### Data section
►

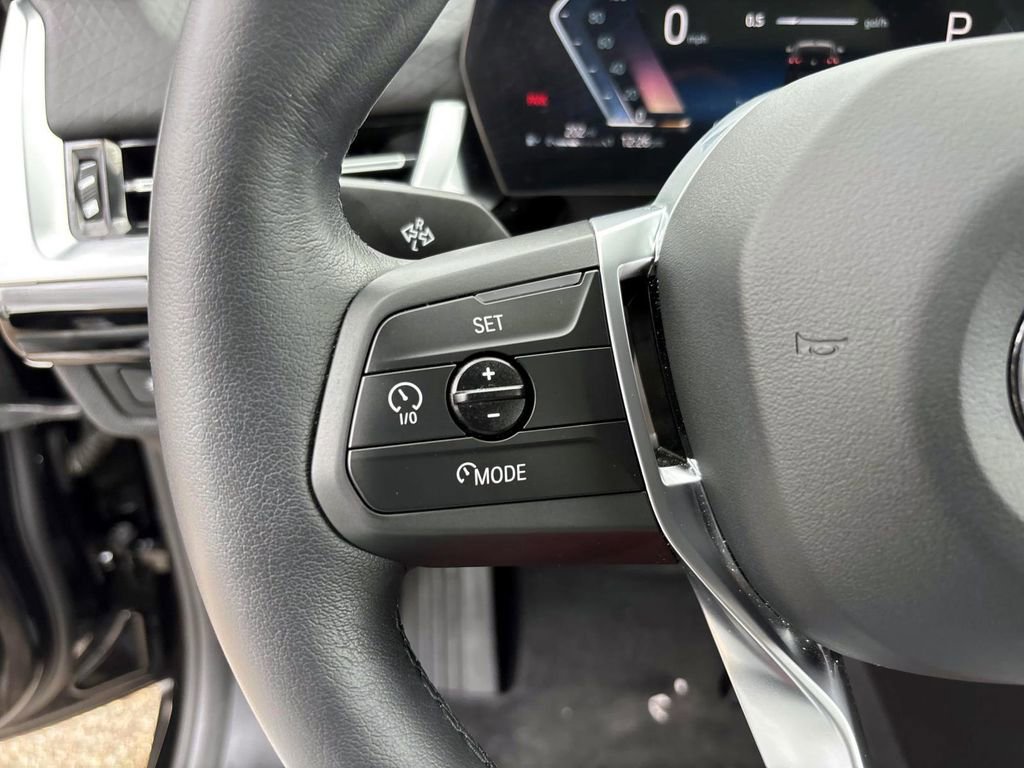 Certified 2025 BMW X2 xDrive28i image 18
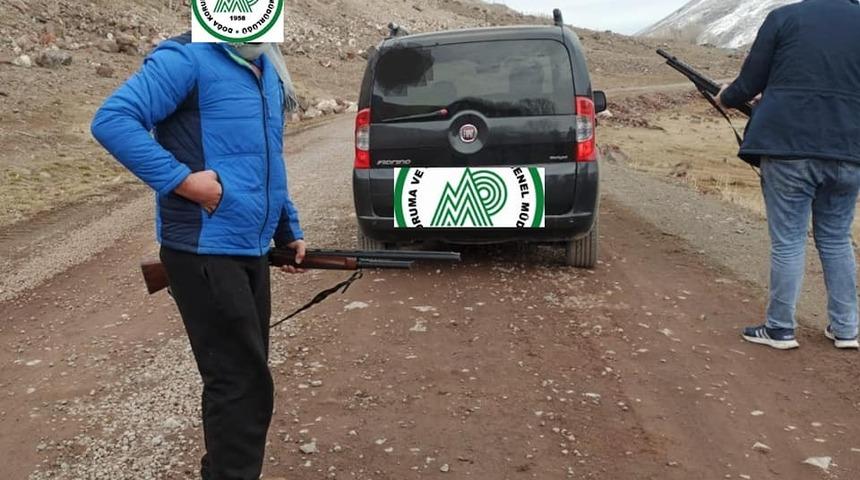 Iğdır&rsquo;da ka&ccedil;ak avcılara para cezası kesildi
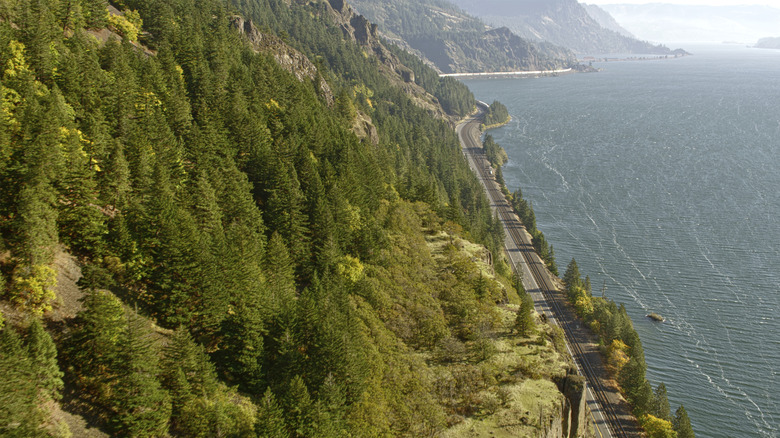 The stunning views of the highway along the Columbia River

◄

### Your goal
Only the pictures are to be left out; copy all the remaining material above exactly.

### Completed task
 Certified 2025 BMW X2 xDrive28i image 18
 Iğdır&rsquo;da ka&ccedil;ak avcılara para cezası kesildi
 The stunning views of the highway along the Columbia River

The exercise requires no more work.